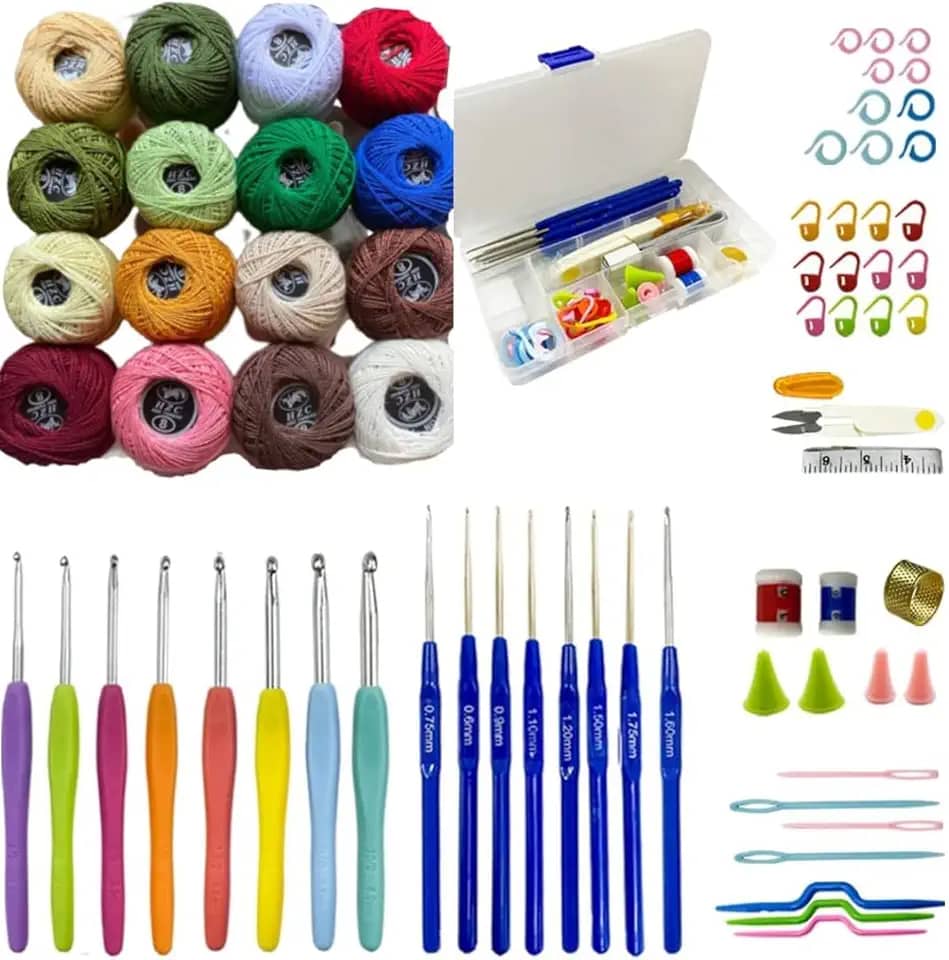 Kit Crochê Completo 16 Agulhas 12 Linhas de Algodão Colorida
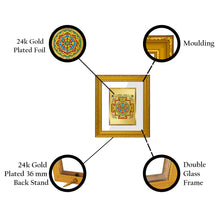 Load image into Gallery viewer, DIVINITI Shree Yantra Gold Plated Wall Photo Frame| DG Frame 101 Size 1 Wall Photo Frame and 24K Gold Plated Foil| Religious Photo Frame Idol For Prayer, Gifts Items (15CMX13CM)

---

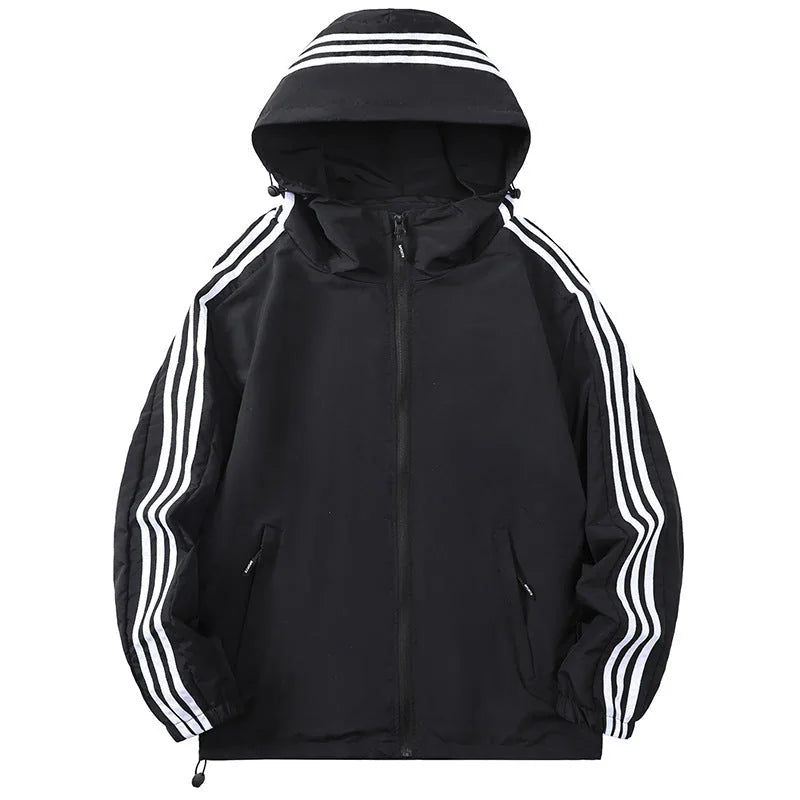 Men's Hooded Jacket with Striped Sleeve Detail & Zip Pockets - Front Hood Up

---

EXERCISE AIM → Lines wanted from the entries above: the one with "Kit Crochê Completo", the one with "Load image into", and all lines between. Please copy them exactly, without the pictures and without anything else.

TASK RESPONSE →
 Kit Crochê Completo 16 Agulhas 12 Linhas de Algodão Colorida
 Load image into Gallery viewer, DIVINITI Shree Yantra Gold Plated Wall Photo Frame| DG Frame 101 Size 1 Wall Photo Frame and 24K Gold Plated Foil| Religious Photo Frame Idol For Prayer, Gifts Items (15CMX13CM)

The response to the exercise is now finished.